Key Experimental Results¶
Main Results¶
Thai ASR Performance (\(\text{CER} \downarrow\)):
| Model | Parameters | GigaSpeech2 TEST | Common Voice | FLEURS |
|---|---|---|---|---|
| Whisper large-v3 | 1550M | 16.42 | 10.96 | 17.69 |
| Google API | - | 16.51 | 4.96 | 12.73 |
| GigaSpeech2 (NST-4) | 152M | 12.46 | 4.15 | 10.54 |
Indonesian ASR Performance (\(\text{WER} \downarrow\)):
| Model | Parameters | GigaSpeech2 TEST | Common Voice | FLEURS |
|---|---|---|---|---|
| Whisper large-v3 | 1550M | 19.42 | 17.87 | 15.28 |
| GigaSpeech2 (NST-3) | 152M | 14.92 | 13.83 | 13.77 |
Ablation Study¶
NST Iteration Effects (Thai):
| Iteration | Training Data | GigaSpeech2 TEST CER | Common Voice CER | Relative Reduction |
|---|---|---|---|---|
| NST-1 | 4378h | 15.10 | 8.88 | baseline |
| NST-2 | 3497h | 13.15 | 6.99 | -13%/-21% |
| NST-3 | 7219h | 12.46 | 4.61 | -5%/-34% |
| NST-4 | 10262h | 12.46 | 4.15 | 0%/-10% |
Key Findings¶
- The GigaSpeech2 model reduces WER by 25%-40% compared to Whisper large-v3 on the real-world YouTube test set while using only about 10% of the parameters (152M vs 1550M).
- The largest performance gains from NST iteration occur in the first 2-3 rounds, with diminishing returns in the 4th round.
- Re-transcribing and re-filtering all historical data in each NST round is critical—it not only scales up the dataset but also continuously improves the quality of existing data.
- The improvement is even more significant on Common Voice (read speech) (CER drops from 8.88 to 4.15), indicating strong generalization of the refined data.
- Models trained on GigaSpeech2 outperform commercial ASR services from Google and Azure.
Highlights & Insights¶
- Zero-human-annotation ASR Corpus Construction: Utilizing Whisper's pseudo-labels as a starting point, quality is bootstrapped and improved through iterative NST. This paradigm can be successfully migrated to any low-resource language.
- "Full-Re-transcription" Strategy for Improved NST: Instead of merely processing new data, each round goes back to re-transcribe all historical data, establishing a continuous improvement cycle for data quality.
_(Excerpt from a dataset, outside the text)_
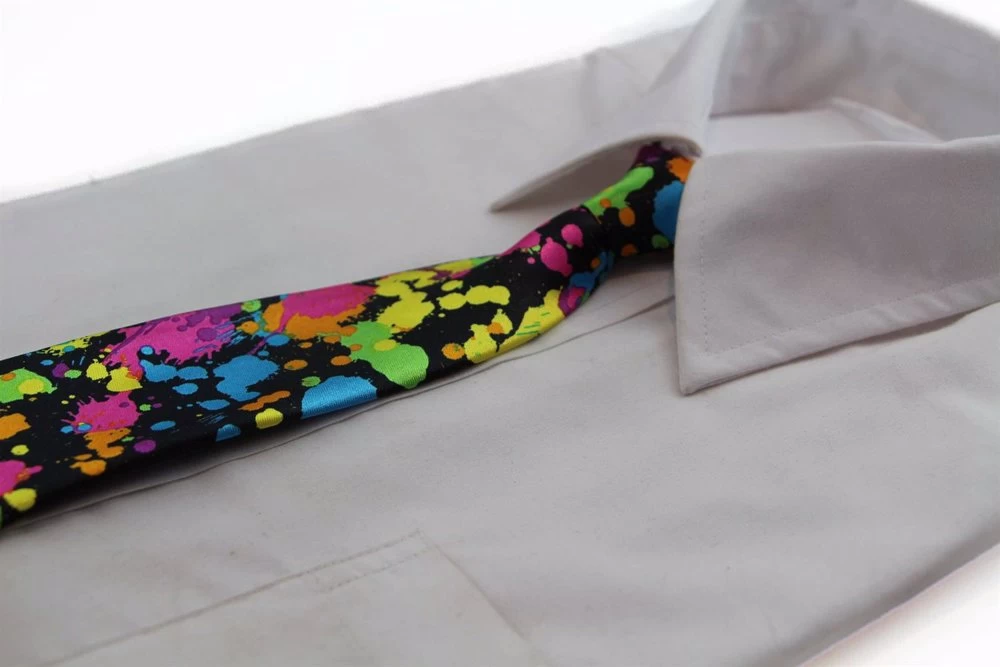 Kids Boys Multicoloured Patterned Elastic Neck Tie - Splash 1 Kids Boys Multicoloured Patterned Elastic Neck Tie - Splash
Simple yet effective.
- Real-World Evaluation Datasets: Compared to the read speech in Common Voice and FLEURS, the GigaSpeech 2 TEST set is much closer to real-world scenarios (conversational YouTube speech), filling a gap in evaluation resources for low-resource languages.
Limitations & Future Work¶
- The corpus only covers three Southeast Asian languages; its applicability and scalability to other low-resource languages remain to be validated.
- Issues regarding copyright and privacy of YouTube data are not sufficiently addressed.
- Relying on Whisper as an initial transcription tool might fail for extremely low-resource languages where Whisper's default performance is already very poor.
- NST iteration requires training large models across multiple rounds, which incurs considerable computational overhead.
Related Work & Insights¶
- vs YODAS: YODAS relies on YouTube auto-subtitles (making the quality uncontrollable), whereas GigaSpeech2 depends entirely on model transcription coupled with iterative refinement, yielding superior quality.
- vs Whisper: The GigaSpeech2 model outperforms Whisper large-v3 while utilizing only 10% of its parameters, demonstrating that high-quality domain-specific data is more critical than raw model capacity.
- vs MMS/USM: While these industrial models are trained on massive, proprietary datasets, GigaSpeech2 provides a reproducible, open-source alternative.
Rating¶
- Novelty: ⭐⭐⭐⭐ The automated pipeline and the improved NST are meaningful engineering innovations, though the core technologies themselves are not entirely novel.
- Experimental Thoroughness: ⭐⭐⭐⭐⭐ Highly comprehensive, covering three languages, multiple evaluation datasets, detailed NST iterative analysis, and comparisons with commercial services.
- Writing Quality: ⭐⭐⭐⭐ The pipeline is clearly described, though certain details (such as the choice of filtering thresholds) could be more detailed.
- Value: ⭐⭐⭐⭐⭐ The open-sourced, large-scale, low-resource ASR corpus makes a tremendous contribution to the speech community.